Multiclass classification problem.

In the previous example, we saw how to do binary classification, let’s see what happens for multiclass outputs.

We’ll use Reuters dataset, It’s a simple, widely used toy dataset for text classification. There are 46 different topics; some topics are more represented than others, but each topic has at least 10 examples in the training set.

Another way of encoding categorical data

Another way to encode the labels would be to cast them as, an integer tensor, like this:

y_train = np.array(train_labels)
y_test = np.array(test_labels)

The only thing this approach would change is the choice of the loss function. The loss function used here, categorical_crossentropy , expects the labels to follow a categorical encoding. With integer labels, we should use sparse_categorical_crossentropy :


This new loss function is still mathematically the same as categorical_crossentropy; it just has a different interface.

Why have large intermediate layers??

In the news_classification project we used large intermediate layers, to avoid a architectural information bottleneck. To see what happens when we introduce an information bottleneck by having intermediate layers that are significantly less than 46-dimensional, try this:

model = models.Sequential()
model.add(layers.Dense(64, activation='relu', input_shape=(10000,)))
model.add(layers.Dense(4, activation='relu'))
model.add(layers.Dense(46, activation='softmax'))
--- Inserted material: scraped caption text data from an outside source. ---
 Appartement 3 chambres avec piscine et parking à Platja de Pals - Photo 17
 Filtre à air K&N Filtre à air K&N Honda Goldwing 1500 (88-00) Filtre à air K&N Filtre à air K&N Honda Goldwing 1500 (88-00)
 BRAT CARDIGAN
          validation_data=(x_val, y_val))

The network would now be peaking at ~71% validation accuracy, an 8% absolute drop. This drop is mostly due to the fact that we’re trying to compress a lot of information (enough information to recover the separation hyperplanes of 46 classes) into an intermediate space that is too low-dimensional. The model is able to cram most of the necessary information into these eight-dimensional representations, but not all of it.

Things that came out

  1. The network ends with a Dense layer of size 46. This means for each input sample, the network will output a 46-dimensional vector. Each entry in this vector (each dimension) will encode a different output class.

  2. The last layer uses a softmax activation. we saw this pattern in the MNIST example. It means the network will output a probability distribution over the 46 different output classes for every input sample, the network will produce a 46 dimensional output vector, where output[i] is the probability that the sample belongs to class i. The 46 scores will sum to 1.
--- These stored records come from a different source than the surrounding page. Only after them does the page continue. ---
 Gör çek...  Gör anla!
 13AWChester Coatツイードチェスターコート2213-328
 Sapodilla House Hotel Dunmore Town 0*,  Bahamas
  3. If we’re trying to classify data points among N classes, our network should end with a Dense layer of size N .

  4. In a single-label, multiclass classification problem, our network should end with a softmax activation so that it will output a probability distribution over the N output classes.
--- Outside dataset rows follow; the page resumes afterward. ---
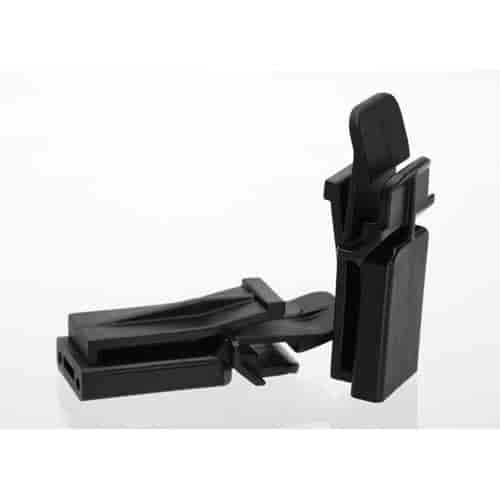 Battery Hold-Down Retainers Tall Multi-Cell Batteries
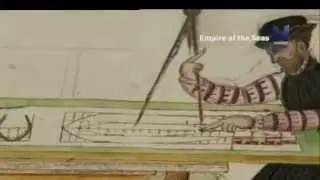 Viasat History - Empire of the Seas - promo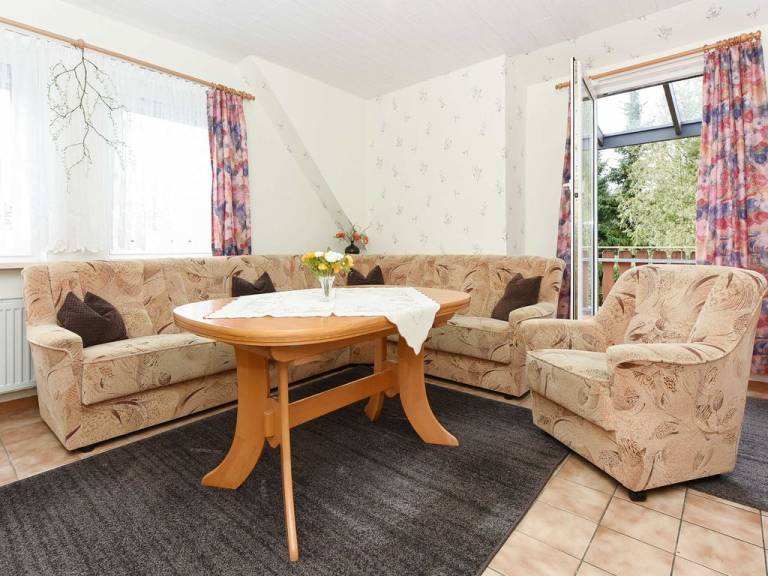 Ferienwohnung klein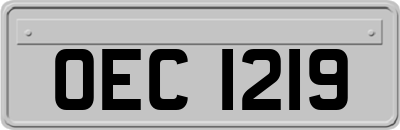 OEC1219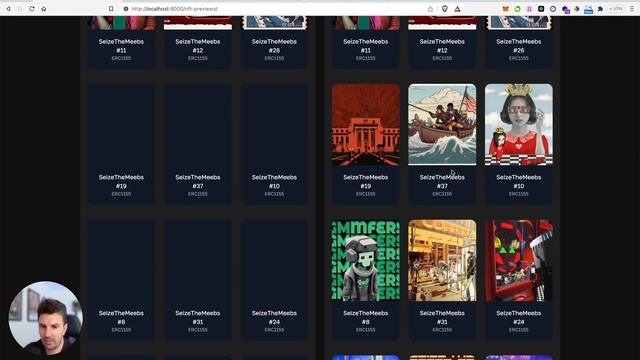 10x Your Dapp UX With Ultra-Fast Loading NFT Images
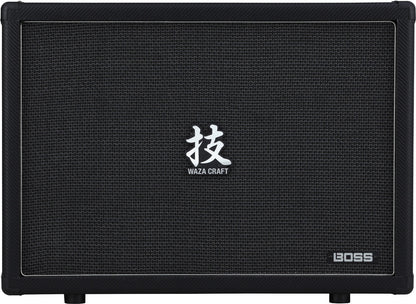 Boss Katana WAZA-212 GUITAR AMPLIFIER CABINET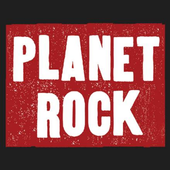 Planet Rock live icon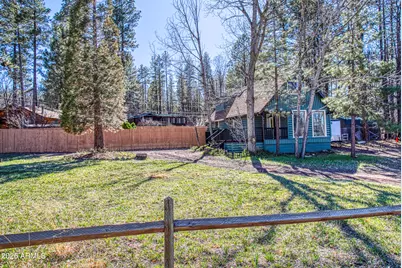 345 W Yavapai Lane, Pinetop-Lakeside, AZ 85929 - Photo 1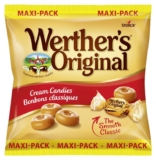 Werthers Original Butter Candies, 300 g (Pack of 1) – £2.11 S&S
  5. Categorical crossentropy is almost always the loss function we should use for such problems. It minimizes the distance between the probability distributions output by the network and the true distribution of the targets.

  6. There are two ways to handle labels in multiclass classification: Encoding the labels via categorical encoding (also known as one-hot encoding) and using categorical_crossentropy as a loss function Encoding the labels as integers and using the sparse_categorical_crossentropy loss function

  7. If we need to classify data into a large number of categories, we should avoid creating information bottlenecks in our network due to intermediate layers that are too small.

Some Neural Regression

We have done a lot of classification, now let’s do a bit of regression using the Boston Housing Dataset.

Target: Predicting the price from a given dataset of old house prices.

For the particular Boston Housing dataset, the values of different attributes vary wildly in their range and this makes it very hard to generalize as the parameters have to change a lot and even for the smallest of changes the outcome varies absurdly. Hence to curb this situation, the real-valued data is normalized so that a standardize distribution can be attained all over the distribution and thus making it easy to generalize.

Generally, to normalize one can subtract mean of the particular attribute and divide it by the variance of the attribute. This gives the attribute mean of zero and variance of 1.

mean = train_data.mean(axis=0)
train_data -= mean
std = train_data.std(axis=0)
train_data /= std
test_data -= mean
test_data /= std

Things to remember

  1. Regression is done using different loss functions than what we used for classification. Mean squared error ( MSE ) is a loss function commonly used for regression.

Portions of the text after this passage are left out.